Escola Belo Porvir, em Epitaciolândia, foi selecionada em edital nacional (Foto: Jotinha Gouveia/Arquivo pessoal)

O projeto de valorização dos alunos negros desenvolvido pela Escola Estadual de Ensino Médio Belo Porvir, em Epitaciolândia, foi selecionado pelo II Edital Gestão Escolar para Equidade - Juventude Negra, que visa custear ações de enfrentamento às desigualdades raciais na Educação. Com isso, o colégio deve receber R$ 35 mil para apoio e ampliação do trabalho.

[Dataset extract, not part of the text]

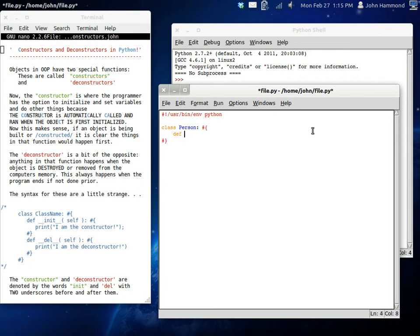Remember, we don't need any parentheses in the class bit. So, now that we're inside our code block, let's talk about the syntax. The syntax for the constructor and the deconstructor are a little special, and they're a little weird at that same time.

O edital é desenvolvido pelo Fundo para Equidade Racial, Instituto Unibanco e pela Universidade Federal de São Carlos (UFSCar) com direcionamento para escolas públicas de ensino médio e organizações sociais. Um total de 10 projetos foram selecionados e o resultado foi divulgado ainda na segunda-feira (14).

A diretora da instituição, Maria Antônia Vieira conta que, desde 2014, a gestão investe na "construção de uma autoimagem positiva por parte dos alunos" e, por isso, as disciplinas são pensadas para convergir a esse resultado.

O projeto "Nos Varadouros da Equidade Racial", inscrito no edital, foi apenas a sistematização de todo o trabalho.

Além disso, o colégio aposta em atividades fora da grade curricular, como eventos culturais com dança, música e ainda um jornal mural feito pelos próprios alunos. Maria ressalta que, dentro do projeto pedagógico, também são realizadas palestras. O colégio contabiliza em torno de 657 alunos matriculados neste ano letivo.

Alunos estudam raízes culturais do trabalho negro no Brasil (Foto: Divulgação/Escola Belo Porvir)

Alunos estudam raízes culturais do trabalho negro
no Brasil (Foto: Divulgação/Escola Belo Porvir)

"Tentamos convergir para o desenvolvimento do protagonismo juvenil em todas as áreas. Procuramos desenvolver a construção da identidade e do autoconhecimento dos nossos alunos. Muitos dos que são negros não se definem dessa forma e precisamos trabalhar muito isso. Nossas ações pedagógicas são feitas nesse propósito", fala.

Os resultados, de acordo com a diretora, são vistos na forma que os estudantes vivem em sociedade. O dinheiro deve ser utilizado, além do custeio das iniciativas já adotadas, também para a compra de equipamentos usados nas ações.

"Trabalhamos as diferenças e é um exercício contínuo. Muitos acham que devem tratar os alunos como iguais, mas, na verdade, são as diferenças, para podermos ter uma escola democrática. Vemos o resultado quando ouvimos os relatos sobre eles. Existe uma atuação cidadã da parte deles", finaliza.